◆ Task goal: An exact reproduction of the records is required, with all pictures omitted.
........
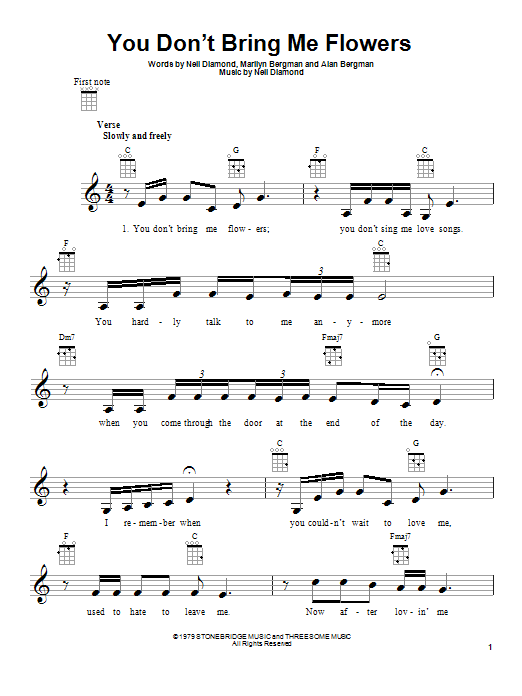 Neil Diamond You Don't Bring Me Flowers sheet music notes and chords arranged for Ukulele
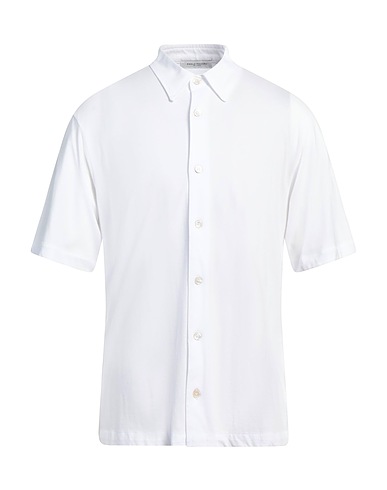 PAOLO PECORA Solid color shirt White 100% Cotton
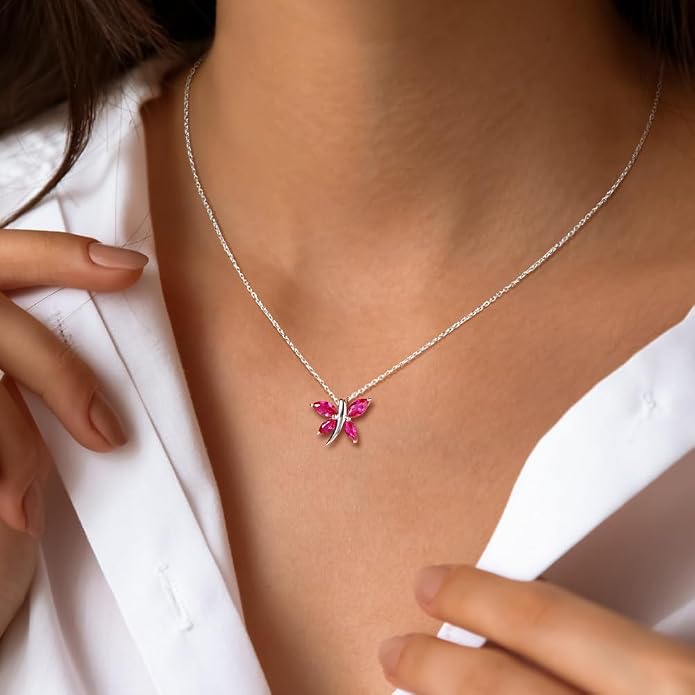 925 Sterling Silver Birthstone Necklaces for Women, Dainty Cute Dragonfly/Butterfly Pendant Necklace, Great Christmas/Anniversary Jewelry for Mother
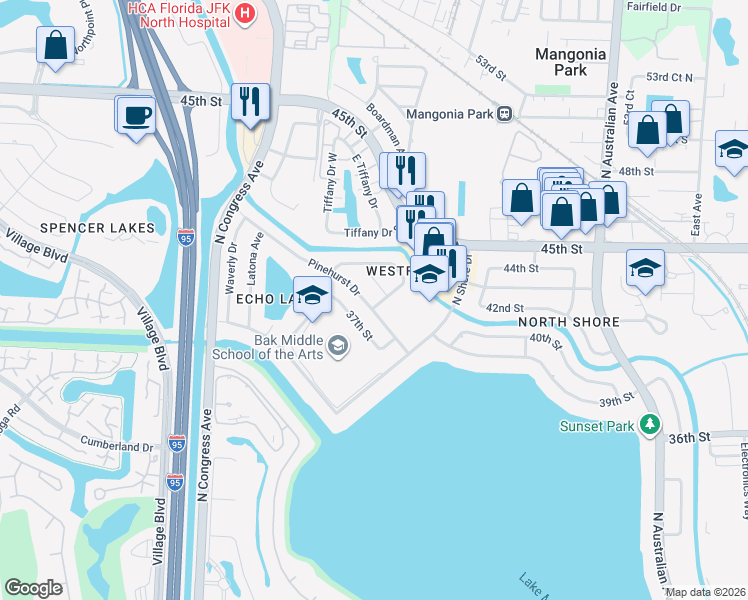 map of restaurants, bars, coffee shops, grocery stores, and more near 1807 Pinehurst Drive in West Palm Beach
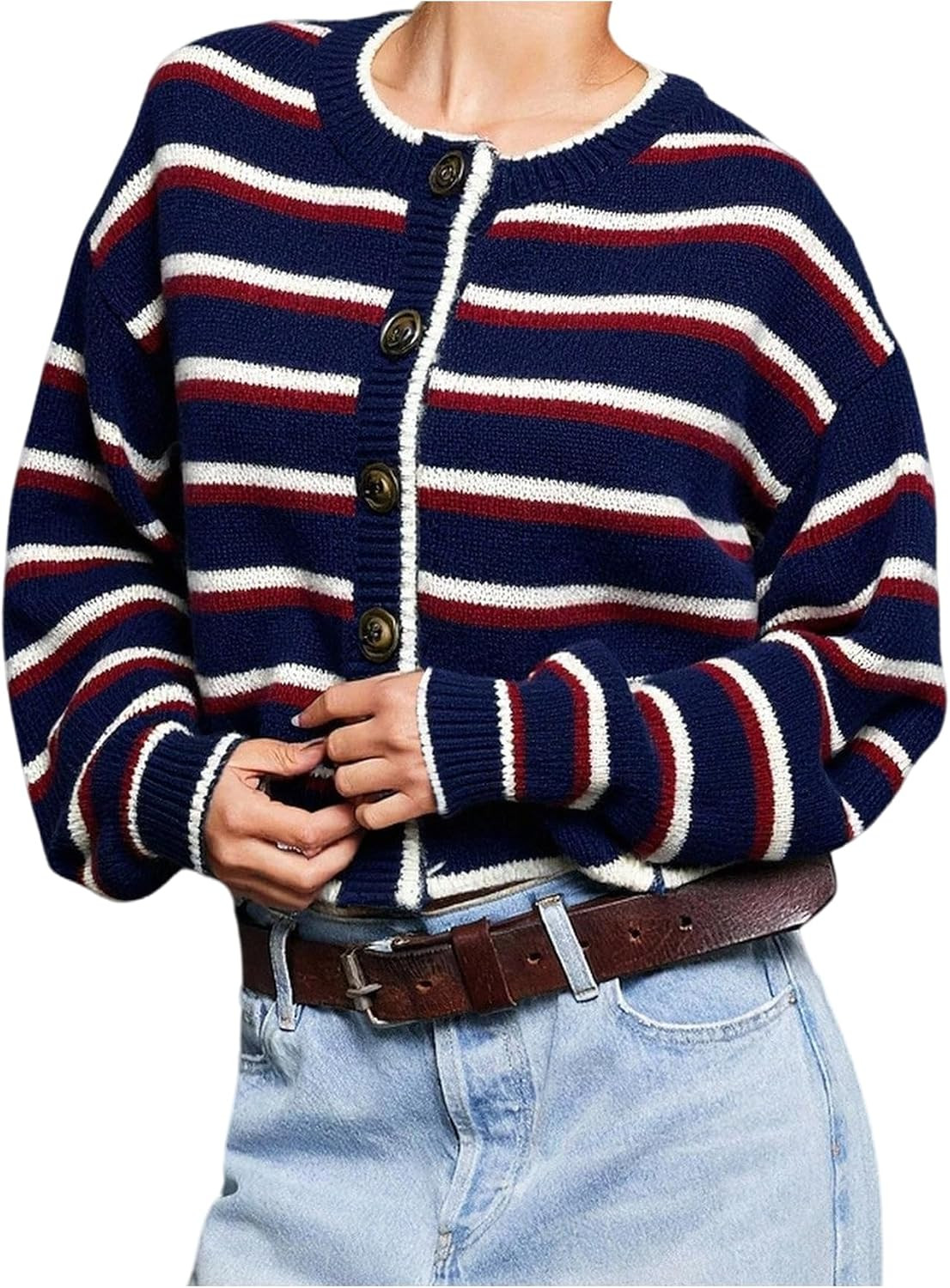 GORGLITTER Women's Striped Cardigan Y2k Cropped Button Up Sweater | Amazon (US)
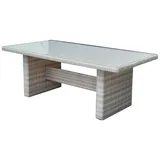 Lomadox Gartentisch HGA-120, Tisch mit Glasplatte, Polyrattan grau, ca. 200x75x100cm grau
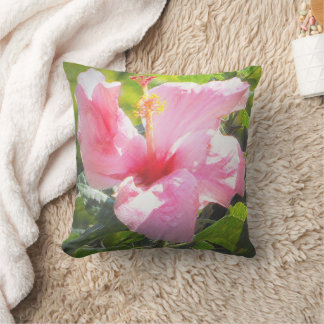 Coussin Hibiscus rose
........
◆ Response to this exercise:
 Neil Diamond You Don't Bring Me Flowers sheet music notes and chords arranged for Ukulele
 PAOLO PECORA Solid color shirt White 100% Cotton
 925 Sterling Silver Birthstone Necklaces for Women, Dainty Cute Dragonfly/Butterfly Pendant Necklace, Great Christmas/Anniversary Jewelry for Mother
 map of restaurants, bars, coffee shops, grocery stores, and more near 1807 Pinehurst Drive in West Palm Beach
 GORGLITTER Women's Striped Cardigan Y2k Cropped Button Up Sweater | Amazon (US)
 Lomadox Gartentisch HGA-120, Tisch mit Glasplatte, Polyrattan grau, ca. 200x75x100cm grau
 Coussin Hibiscus rose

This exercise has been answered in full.